What is needed: The full listing, copied exactly and free of pictures, is the expected reply.

Study material:
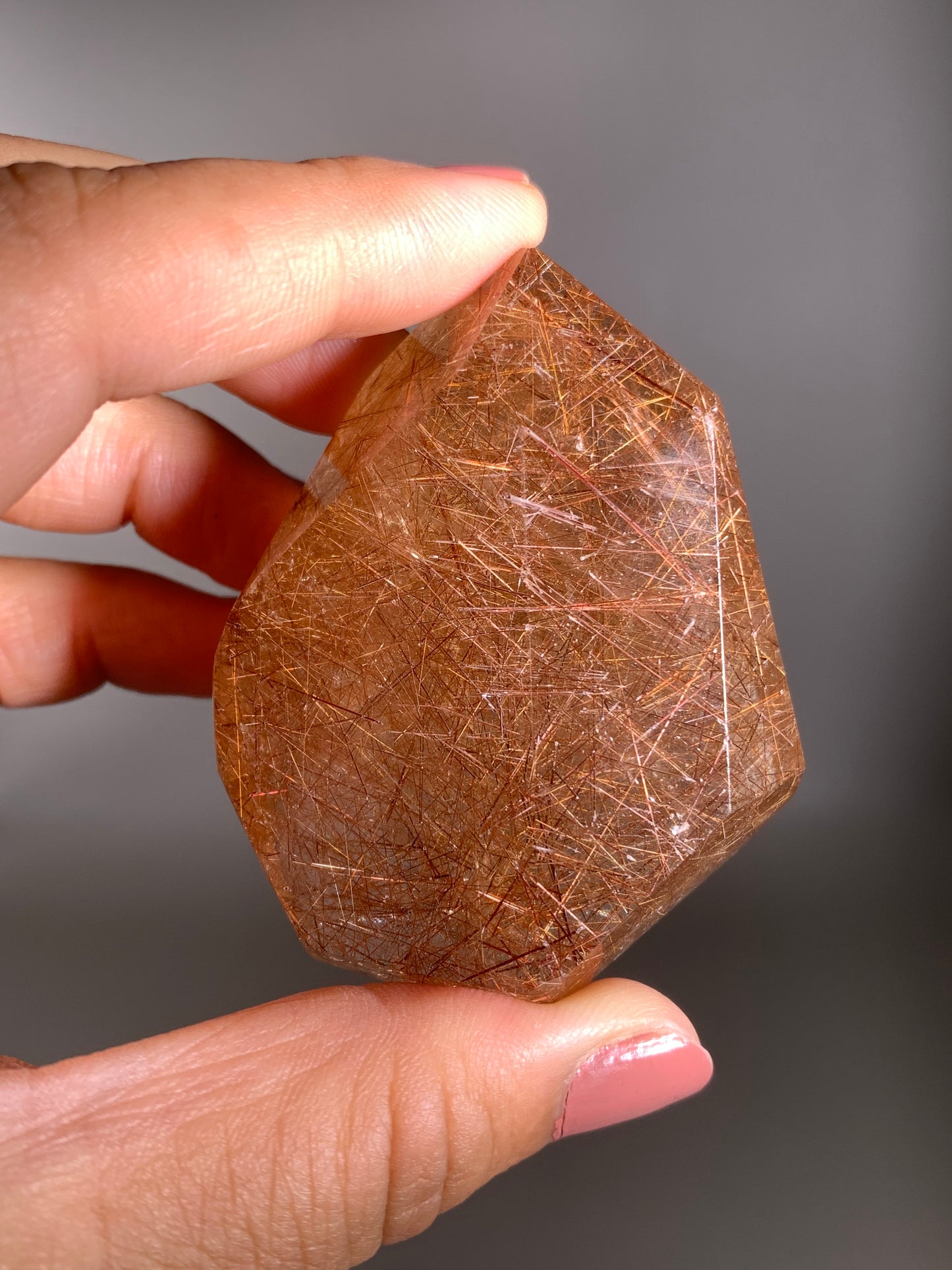 Copper Rutile Smoky Quartz Polished Freeform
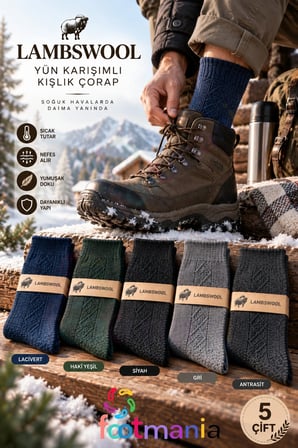 Erkek Lambswool Kışlık Çorap 5 Çift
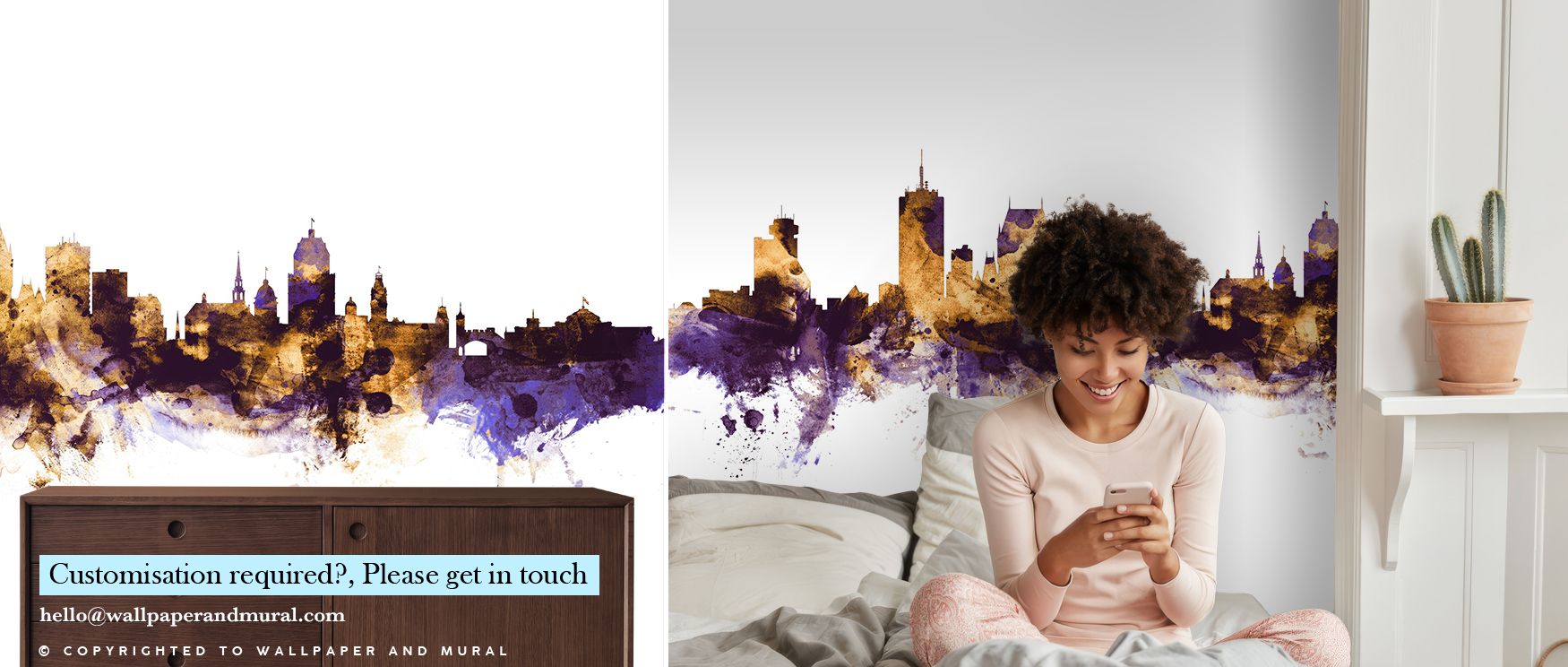 The Quebec Canada Skyline Purple & Gold Wallpaper balances richness and depth, purple tones glowing like velvet while golden accents add brilliance. The design transforms bedrooms or lounges into spaces filled with cultural grandeur and artistry. 
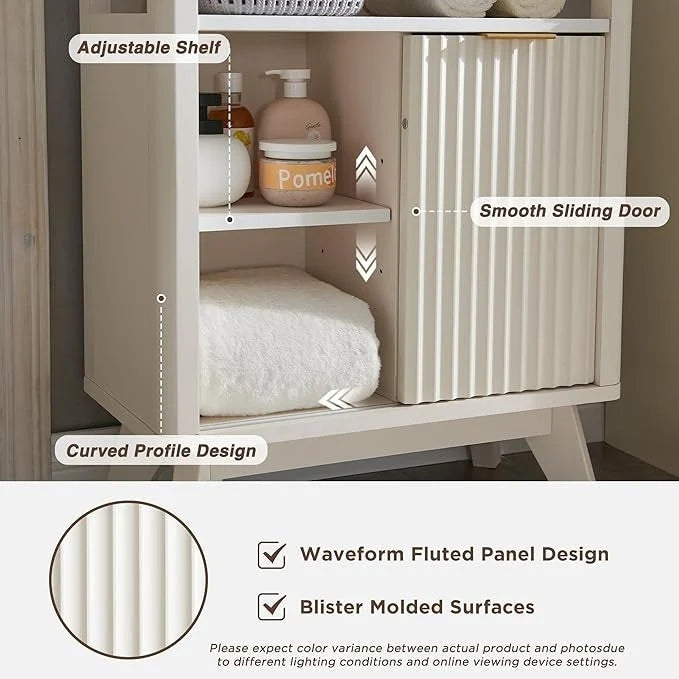 Meuble bas de salle de bain moderne avec plateau aspect marbre, organisateur de rangement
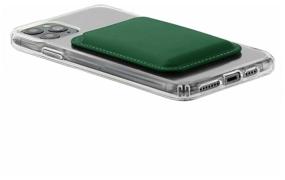 img 2 attached to Чехол картхолдер MagSafe Wallet на телефон для банковских карт, пропуска зеленый, Cardholder магнитный, МагСейф держатель для карт из экокожи в подарок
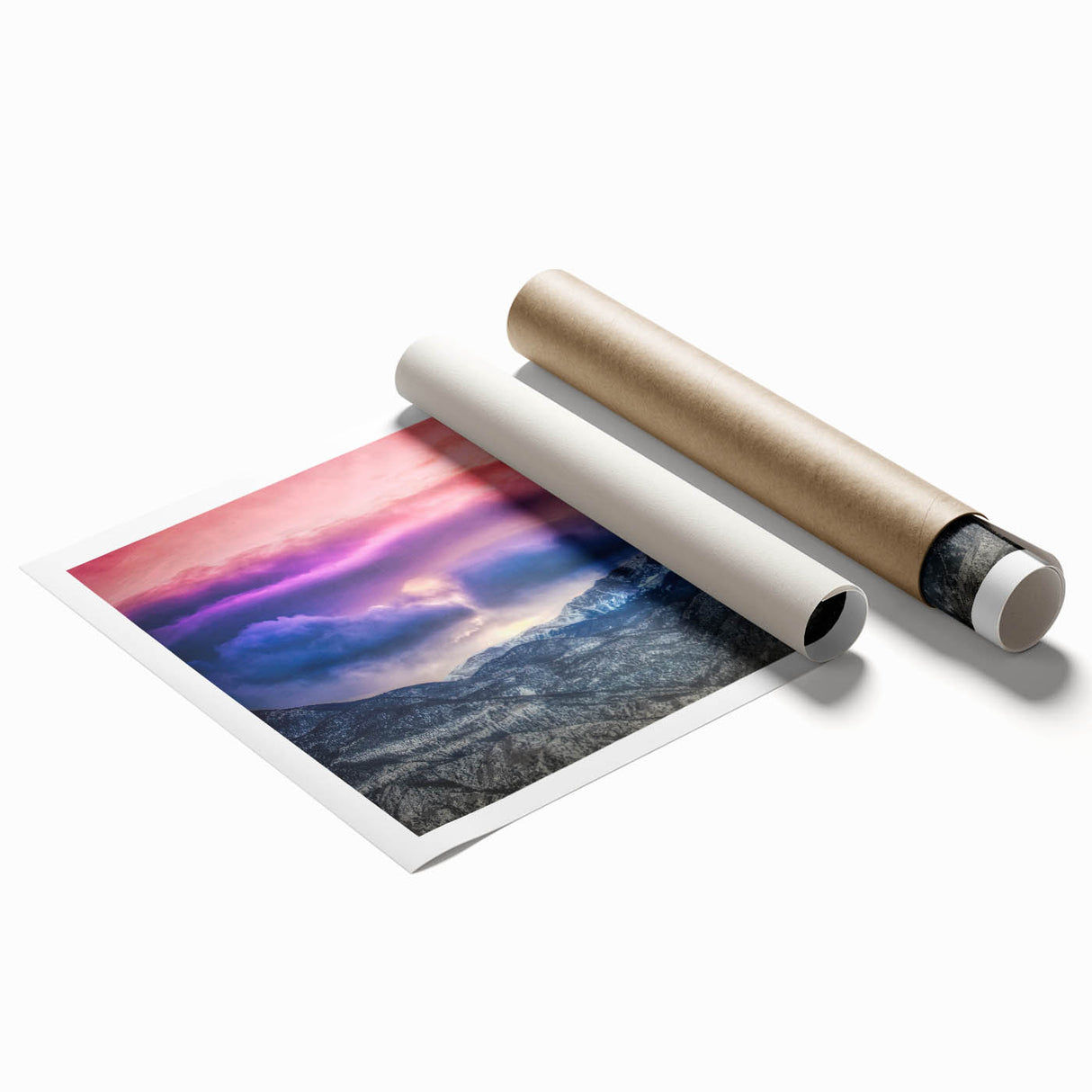 Extra large rolled print of Pikes Peak with muted earth tones, ideal for classy bathroom wall art.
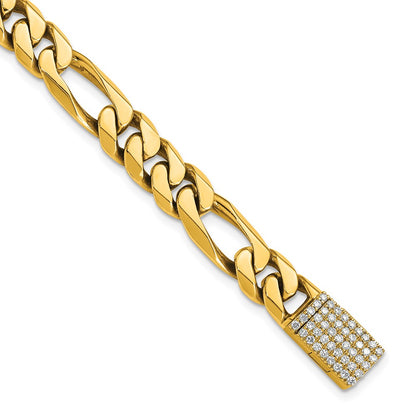 14k Yellow Gold 8mm Hand-polished Figaro Link Diamond Clasp Chain Bracelet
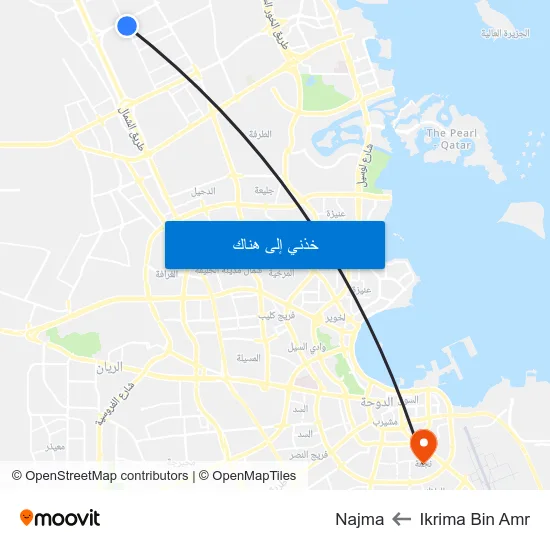Ikrima Bin Amr to Najma map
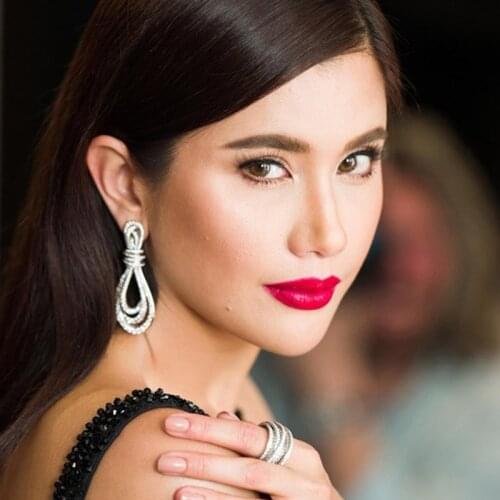 Be 8 Luxury Wedding Water Drop Long Earrings for Women Bridal Copper Zircon Shining Full Cubic Zircons Fashion Drop EarringE804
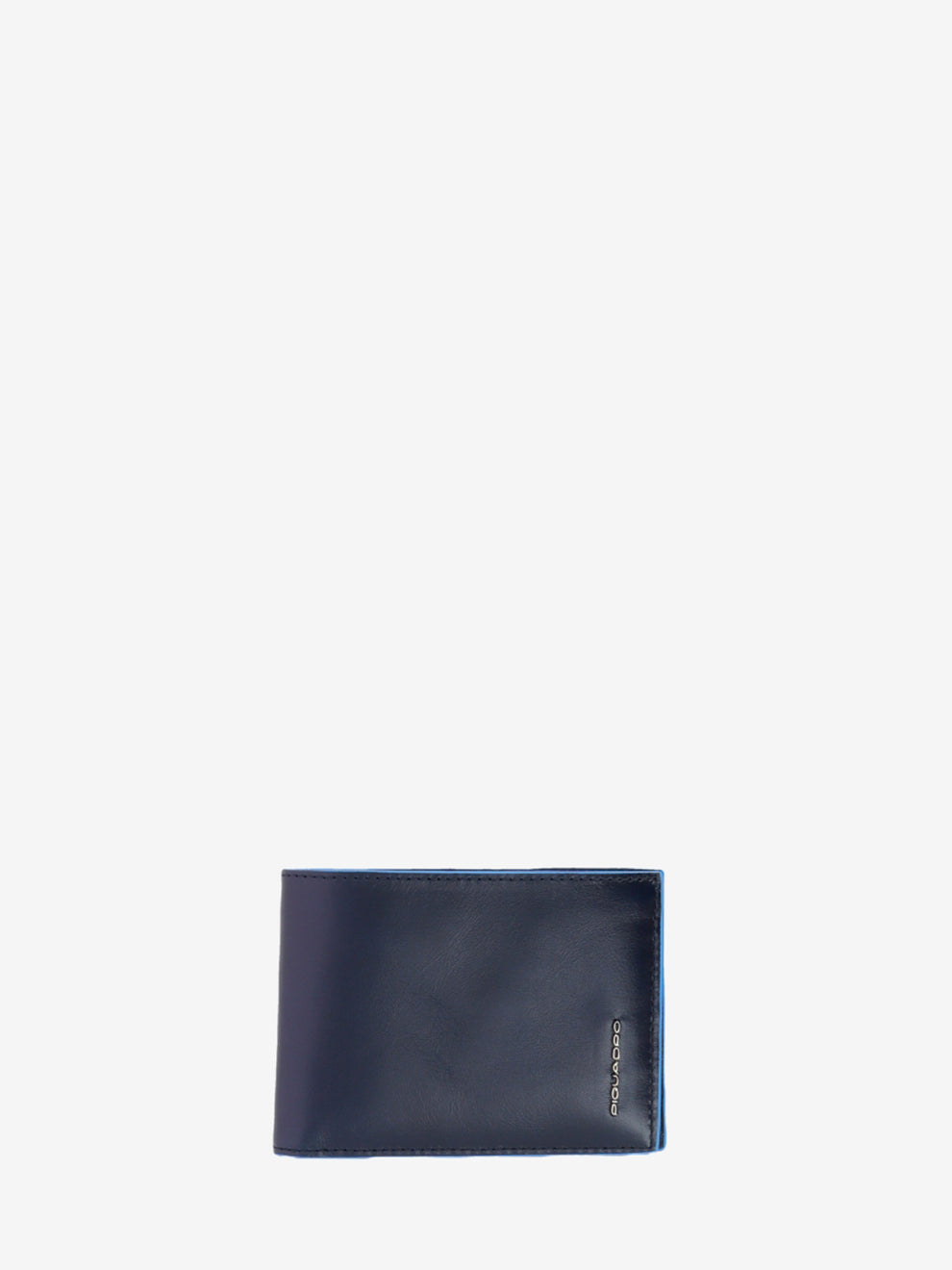 Blue leather wallet with coin pocket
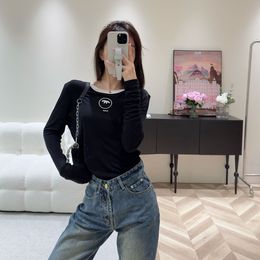 New long-sleeved color matching long-sleeved women's fashion simple leggings light luxury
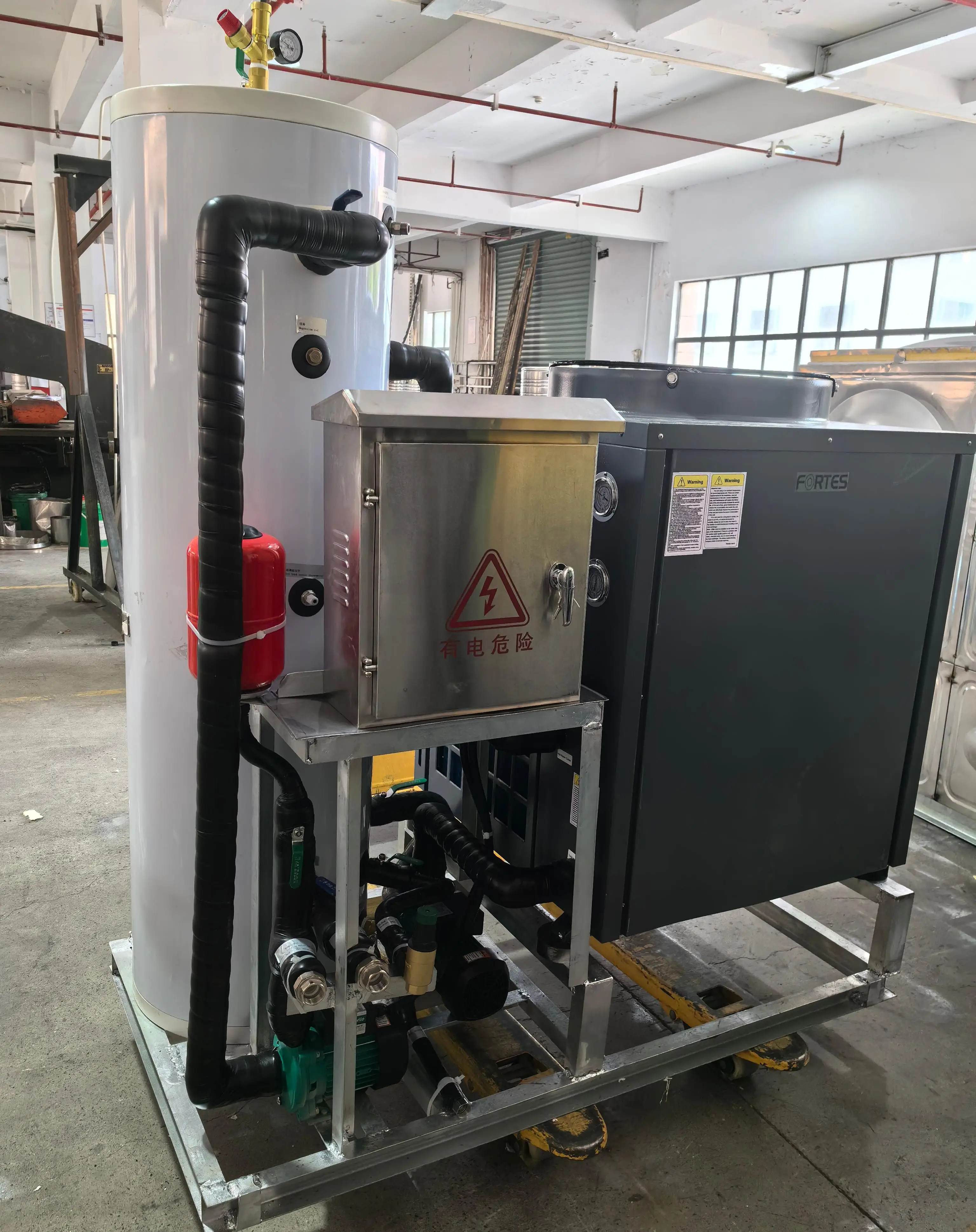 OEM integr  ted   ll-in-one   ir-to-w   he  t pump w  he   for home he  ting   nd cooling of domestic hot w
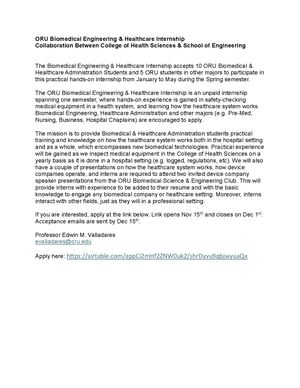 Biomedical Engineering & Healthcare Internship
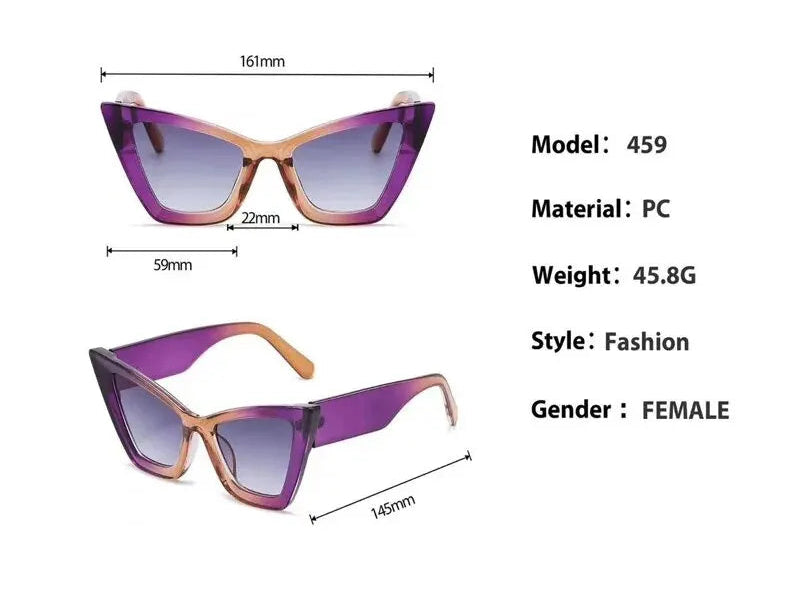 Size of Fashion Triangle Frame Cat-eye Sunglasses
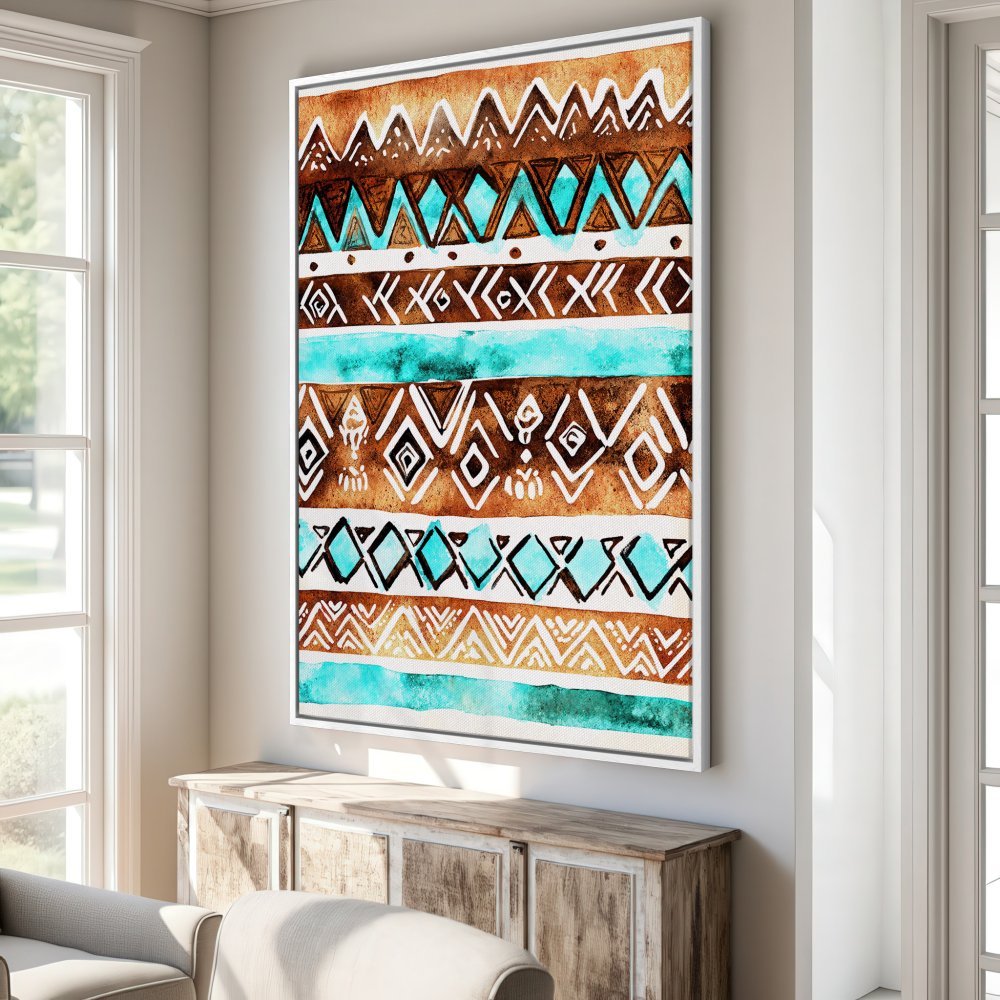 Framed Wall Art: Abstract tribal pattern Canvas Print in brown, turquoise, & white. Add a pop of color and style to your home decor!
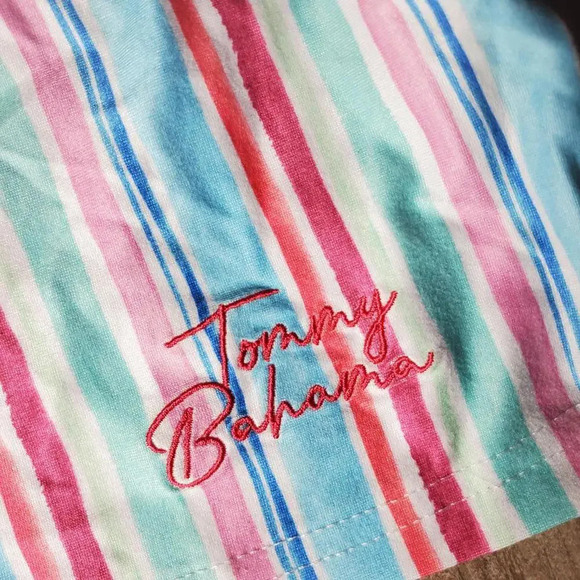 NWT Tommy Bahama Striped Sleeveless Girl Summer Dress Size 5 Blue Pink - Picture 3 of 13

Solution to this problem:
 Copper Rutile Smoky Quartz Polished Freeform
 Erkek Lambswool Kışlık Çorap 5 Çift
 The Quebec Canada Skyline Purple & Gold Wallpaper balances richness and depth, purple tones glowing like velvet while golden accents add brilliance. The design transforms bedrooms or lounges into spaces filled with cultural grandeur and artistry. 
 Meuble bas de salle de bain moderne avec plateau aspect marbre, organisateur de rangement
 img 2 attached to Чехол картхолдер MagSafe Wallet на телефон для банковских карт, пропуска зеленый, Cardholder магнитный, МагСейф держатель для карт из экокожи в подарок
 Extra large rolled print of Pikes Peak with muted earth tones, ideal for classy bathroom wall art.
 14k Yellow Gold 8mm Hand-polished Figaro Link Diamond Clasp Chain Bracelet
Ikrima Bin Amr to Najma map
 Be 8 Luxury Wedding Water Drop Long Earrings for Women Bridal Copper Zircon Shining Full Cubic Zircons Fashion Drop EarringE804
 Blue leather wallet with coin pocket
 New long-sleeved color matching long-sleeved women's fashion simple leggings light luxury
 OEM integr  ted   ll-in-one   ir-to-w   he  t pump w  he   for home he  ting   nd cooling of domestic hot w
 Biomedical Engineering & Healthcare Internship
 Size of Fashion Triangle Frame Cat-eye Sunglasses
 Framed Wall Art: Abstract tribal pattern Canvas Print in brown, turquoise, & white. Add a pop of color and style to your home decor!
 NWT Tommy Bahama Striped Sleeveless Girl Summer Dress Size 5 Blue Pink - Picture 3 of 13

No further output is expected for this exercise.